- TASK DIRECTIONS: Although the material holds pictures, none belong in the copy; transcribe exactly, and only, the lines from the one with "双色蛋糕数独 #65403" through the end.

- EXERCISE INPUT:
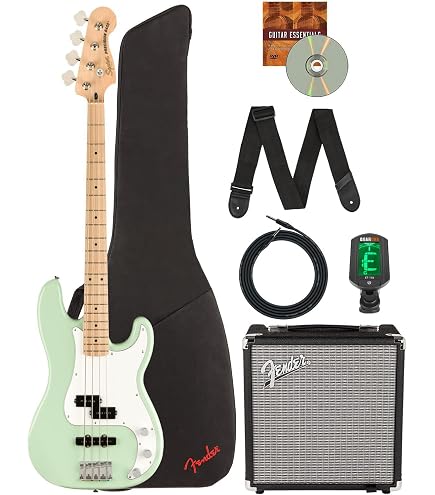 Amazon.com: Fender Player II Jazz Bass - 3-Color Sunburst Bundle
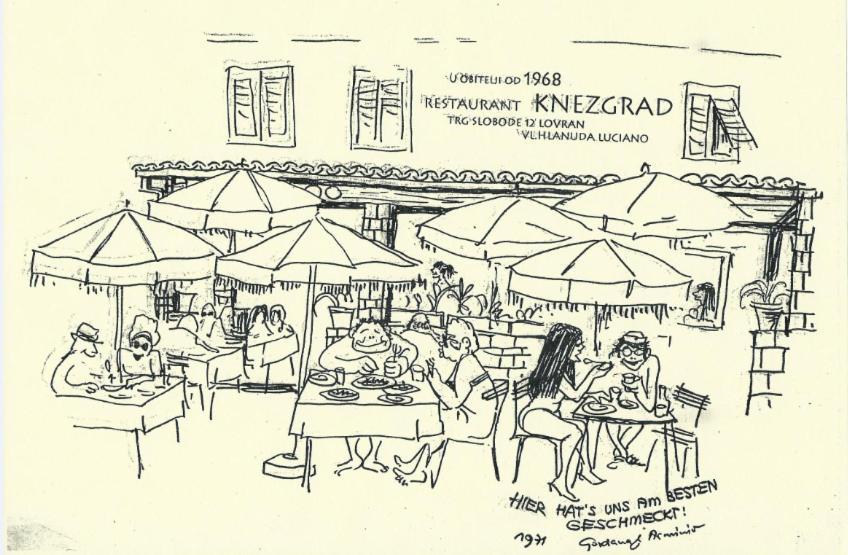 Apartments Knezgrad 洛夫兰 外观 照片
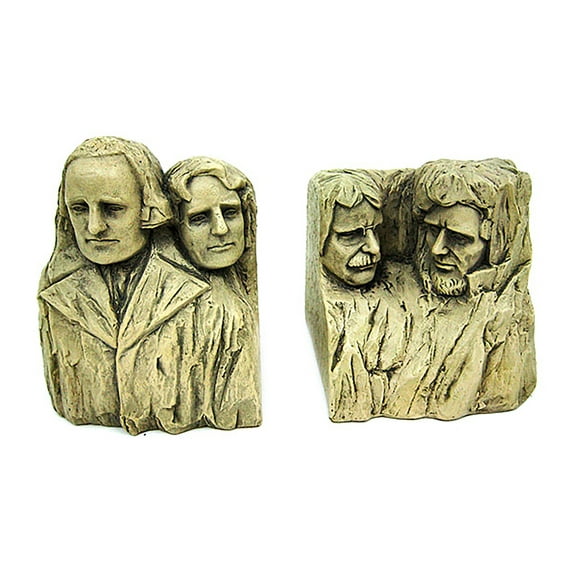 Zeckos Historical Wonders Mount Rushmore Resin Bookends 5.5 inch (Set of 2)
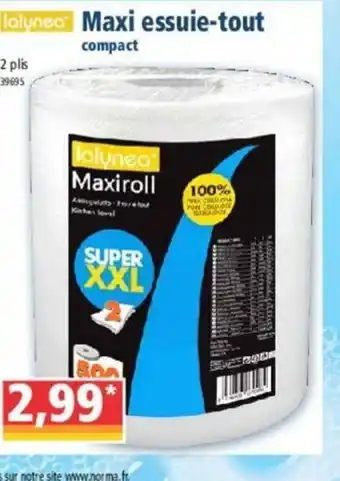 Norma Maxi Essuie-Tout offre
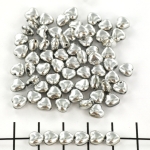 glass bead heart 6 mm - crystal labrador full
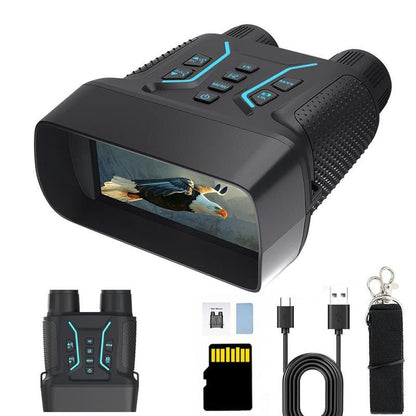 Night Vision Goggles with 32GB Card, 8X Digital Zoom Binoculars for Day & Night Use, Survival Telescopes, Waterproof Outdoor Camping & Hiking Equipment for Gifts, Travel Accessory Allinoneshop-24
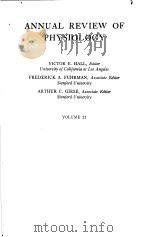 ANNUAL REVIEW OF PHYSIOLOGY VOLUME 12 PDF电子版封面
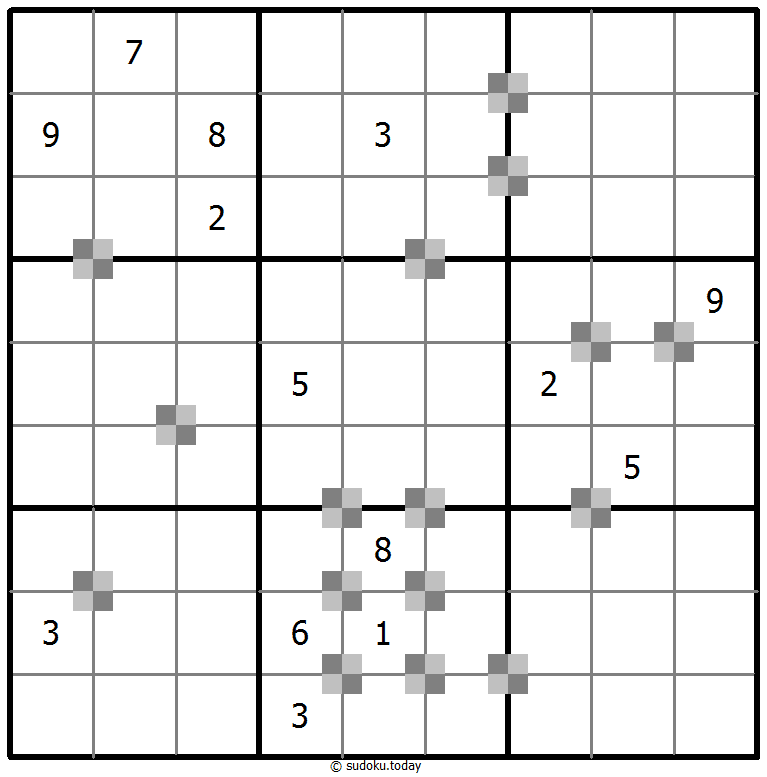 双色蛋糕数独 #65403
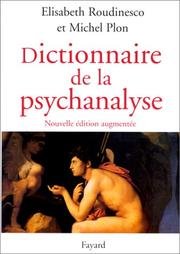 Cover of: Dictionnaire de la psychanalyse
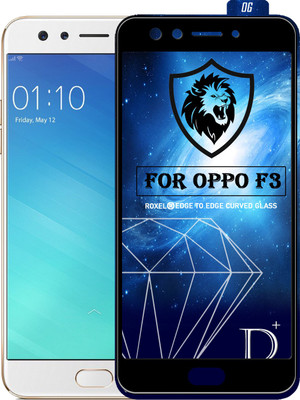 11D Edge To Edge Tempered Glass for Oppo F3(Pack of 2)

- RESPONSE AREA:
 双色蛋糕数独 #65403
 Cover of: Dictionnaire de la psychanalyse
 11D Edge To Edge Tempered Glass for Oppo F3(Pack of 2)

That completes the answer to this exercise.